Cidre: Statehood to win status referendum ‘by a landslide’
SAN JUAN – Although he affirmed he hadn’t decided which status formula he would vote for in the June 11 status plebiscite, former independent gubernatorial candidate Manuel Cidre declared Thursday that the statehood option would garner the most votes.
“In a country with $68 billion in debt, with a $42 billion retirement plan deficit, with a fiscal control board breathing down our necks, I think that at this time, if I had been governor, I would have designed a separate commission, but I wouldn’t have [involved] the central government in a plebiscitary process that, once again, if there is no doubt that the options are statehood and independence, statehood will win by a landslide. There is no doubt about that,” the also owner of Los Cidrines bakery chain told Caribbean Business during the 2017 Government Caucus organized by the Puerto Rico Manufacturers Association (PRMA).
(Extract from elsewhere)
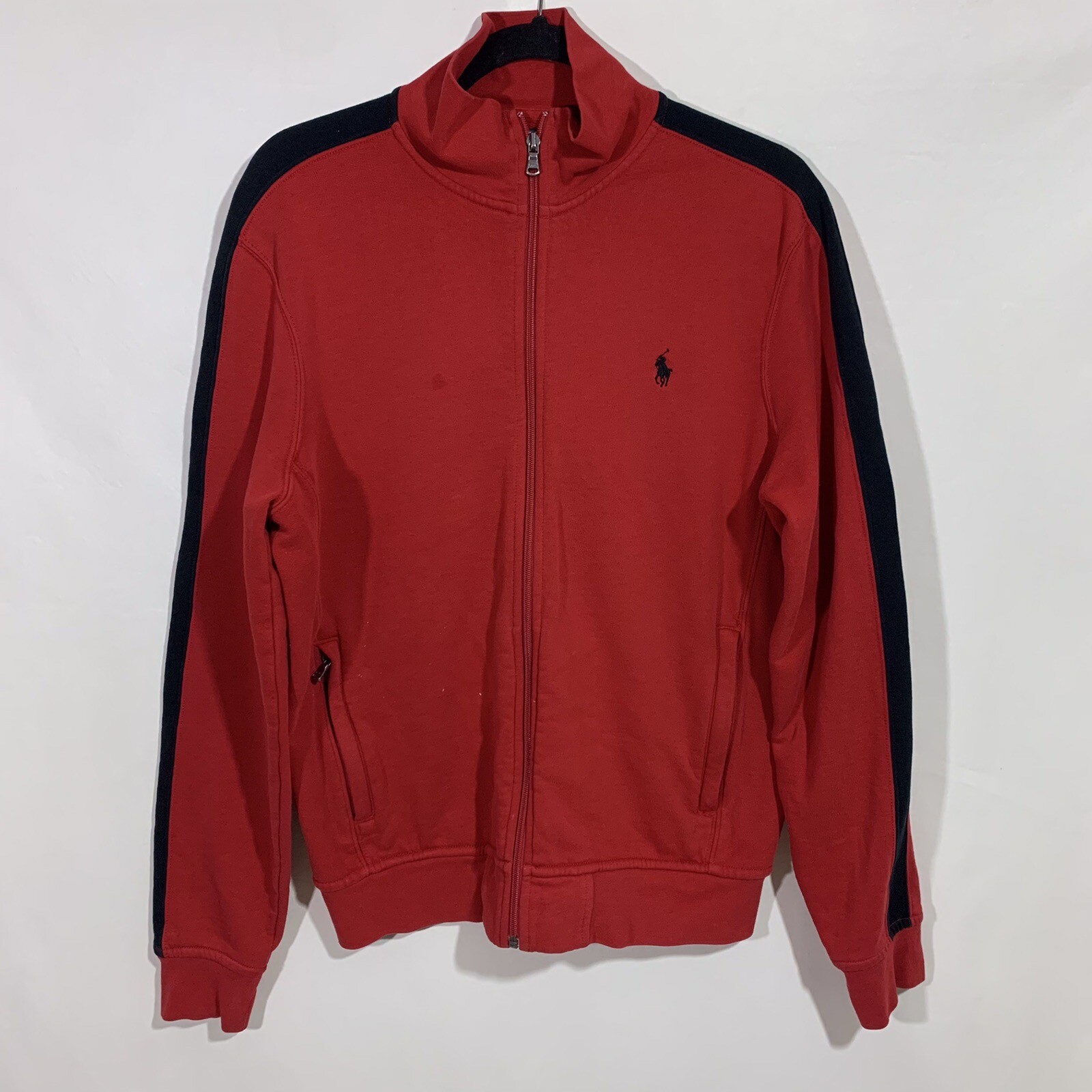 Polo uomo Ralph Lauren track jacket taglia media rosso nero maglione a righe pony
Cidre added that in order to decide which status formula he will vote for, he must first consider each of their benefits and disadvantages. Therefore, he requested the government properly educate the people about the possible alternatives so they can vote conscientiously.
“As soon as I know both latitudes in depth, I won’t hesitate to tell you [which status formula he favors]. Right now, telling you I am pro-independence or pro-statehood would be neglecting my intellect,” he added.
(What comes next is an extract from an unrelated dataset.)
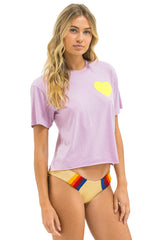 HEART PRINT BOYFRIEND TEE - MAUVE // NEON YELLOW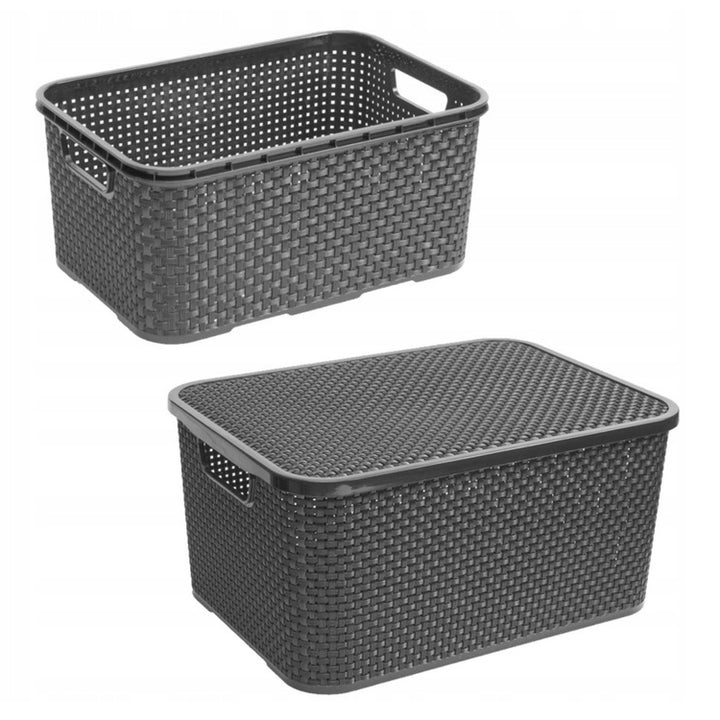 Panier en rotin BranQ avec couvercle, 7L, couleur anthracite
Requests negotiation between unions and private sector
The businessman also told Caribbean Business that it is the first time he has seen so many security measures and police officers in a Government Caucus, which he believes is due to the presence of Gov. Ricardo Rosselló and Fiscal Oversight & Management Board Chairman José Carrión III.
“The message this demonstration sends is there needs to be dialogue with that sector to prevent these divisions that have characterized the country for years and have caused our current inertia… When an event has the need to use maximum security, I think that is sending a message that needs to be seriously looked into,” he said.
Although Cidre believes that Rosselló’s approved laws “may contribute to the change Puerto Rico needs if they are used properly,” he encouraged the government to establish dialogue with different sectors, including the union sector, which was protesting outside the conference, to reach agreements for the island’s well-being.
“If I get on a helicopter and I see this from the sky, I will see two different countries: I see a country talking about the future, and at the same time a country protesting down there. Something is wrong,” he declared.